买这把伞的那天我是和J去吃完饭去逛了一会街,然后急匆匆地去新天地因为约了S看电影。说是约,其实也是有点可笑的一方主动邀请,一方半推半就不主动不拒绝。他迟到了,我坐在外面等着,穿着那一年冬天,去LV出差时候买的裙子,蕾丝的长袜,仿佛一个非常狼狈的公主。
有时候你不知道是应该感激,还是更多的唏嘘,一个人在另一个人的生活里退场之不留丝毫印记,当记忆模糊到只剩下一些片段,便会怀疑自己对于愉悦的要求之低,和对于忍耐的程度之高。

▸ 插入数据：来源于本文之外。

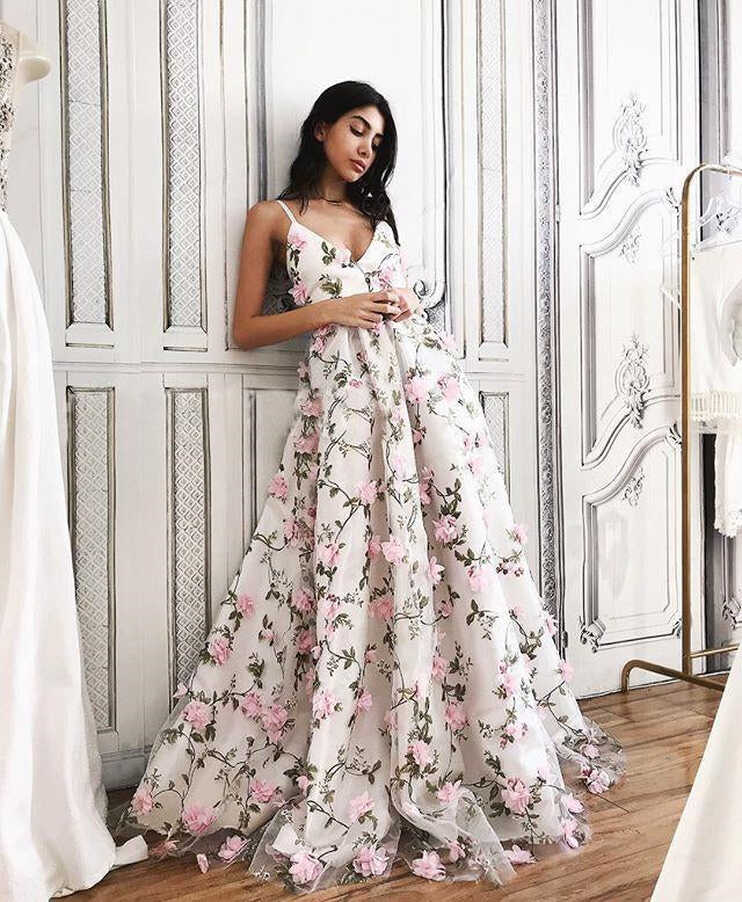 A Line V Neck Backless Pink Lace Floral White Prom Dresses, Pink ...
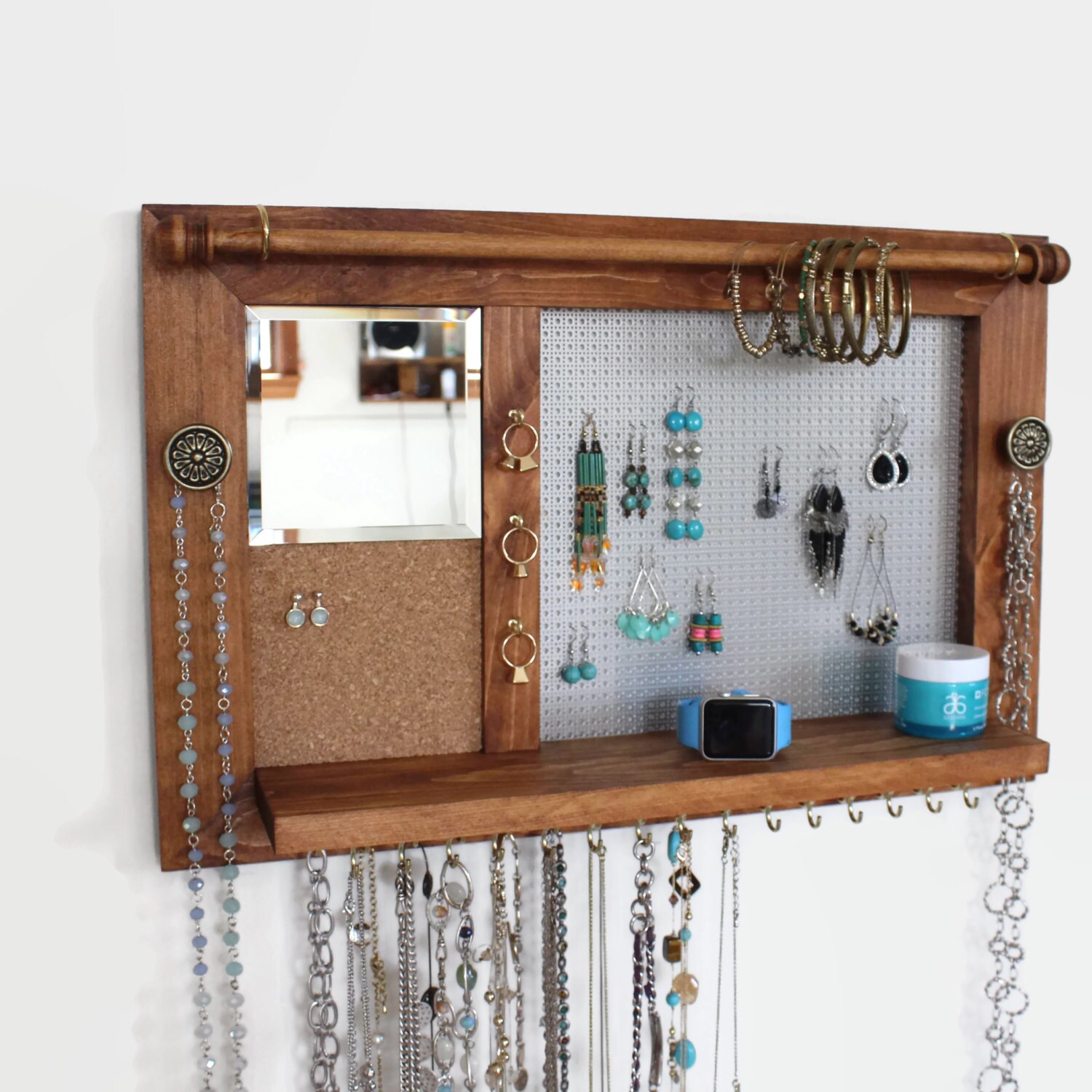 Jewelry Rack Wooden Wall Hanging Jewelry Shelf with Mirror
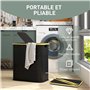 HOMCOM Panier à linge double pliable 80 L corbeille à linge sale avec couvercle, poignées rainurées, bac à linge pour salle de b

早晨没有打开窗户的时候,听不到一点雨声,失望得以为又没有下雨。北京的天气就是这样干燥,唯一能用鼻子嗅到的水汽,往往都是刚刚洒水车经过之后空气里勉强残留的那一点湿润,又或者是家里打开加湿器的时候。阴雨绵绵的家乡,又或是常常大雨滂沱的广州,也离我非常遥远了。

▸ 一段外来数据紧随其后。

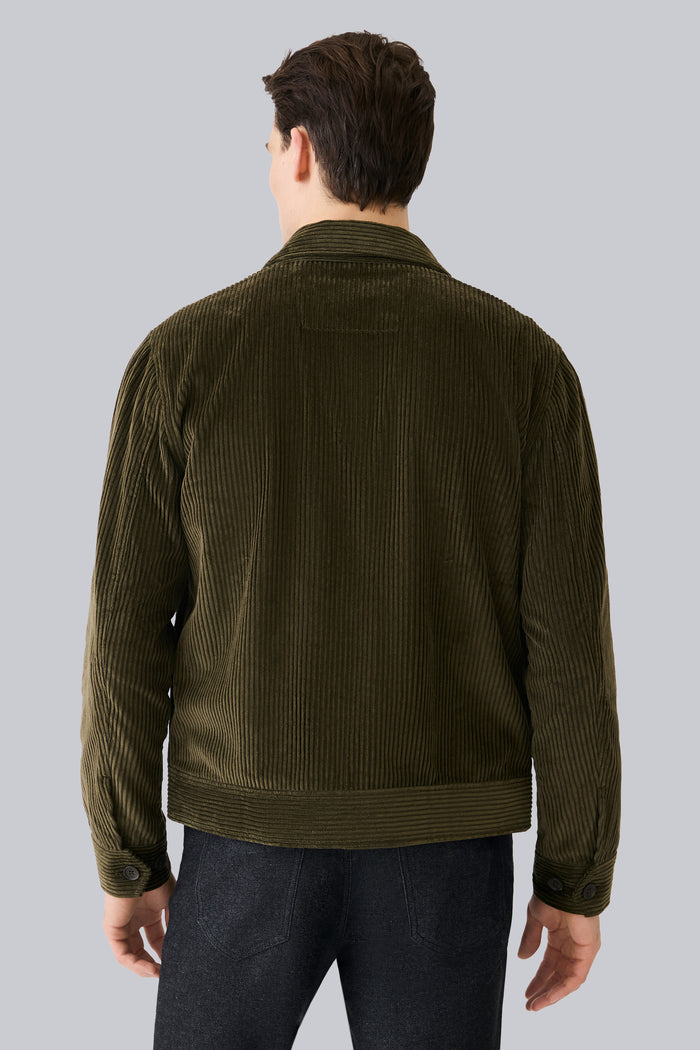 Back view of a man wearing Corduroy Zip Jacket in Dark Olive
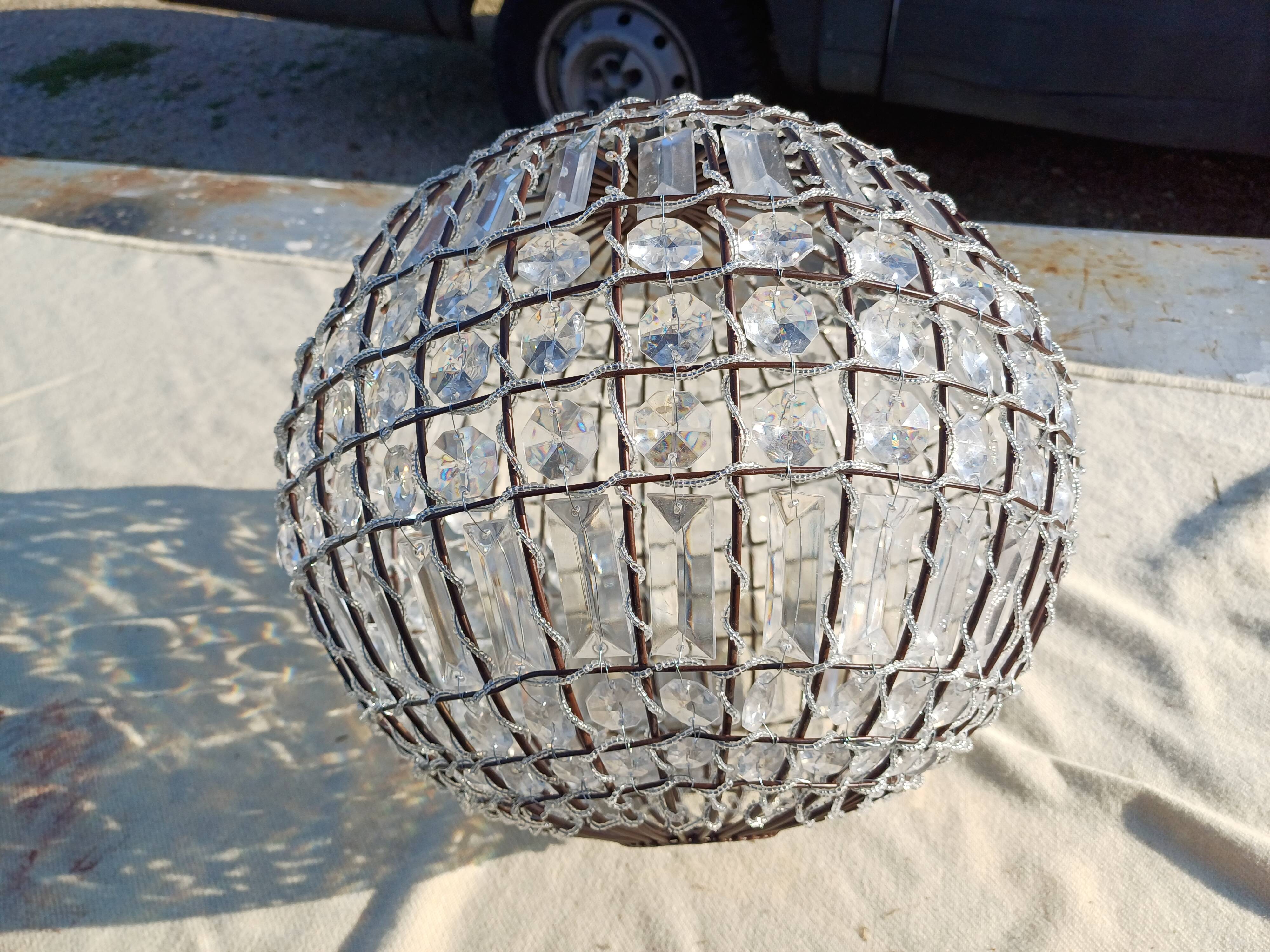 Lustre rond a pampilles verre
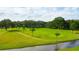 Elevated view of a manicured golf course with palm trees and a water feature at 36905 Beth Ave, Zephyrhills, FL 33542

原来真的在下雨。虽然不是特别使劲地在往地上砸着雨点,但好歹算是一场体面的雨了。早晨吃了半碗襄阳牛肉面---好吃,但太辣了。Anything放了所有的辣椒吧。照了一下镜子,连口红都不用涂了。
踩着雨鞋出门,打着我的另一把伞---在一样的地方买的,不过她是一把折叠伞。当时是去和C,一起给要远赴俄罗斯的同事买礼物,匆忙中给自己买了一把伞。倘若你个子高的话,你就会在路上看见一把打得很低的黑色伞,上面写着“I AM HERE”。雨水打湿了落在地上的所有叶子,美丽得让我想跪在地上拍照,却不知道能不能拍出来那种湿漉漉的,又洒脱又自然的感觉。
办公室难得拉开了遮光窗帘,景色极好,起初仍能看到远处北京的山,慢慢的雾气弥漫开来,大楼和大楼之间也不是那么清晰了,整个世界都是雾腾腾,烟气缭绕,雨水打在落地窗上,没来得及流下来的水滴,还圆鼓鼓地黏在窗上,直到某个瞬间流下,汇成一小股水流,在这20多层高楼外的玻璃上。
此时已经是礼拜五的第一个小时,开着窗,听见外面依然在下雨,兔子在喝水,人慢慢地困起来,雨夜,真是好极了。能想到很多过去的事情,也能放下很多过去的事情。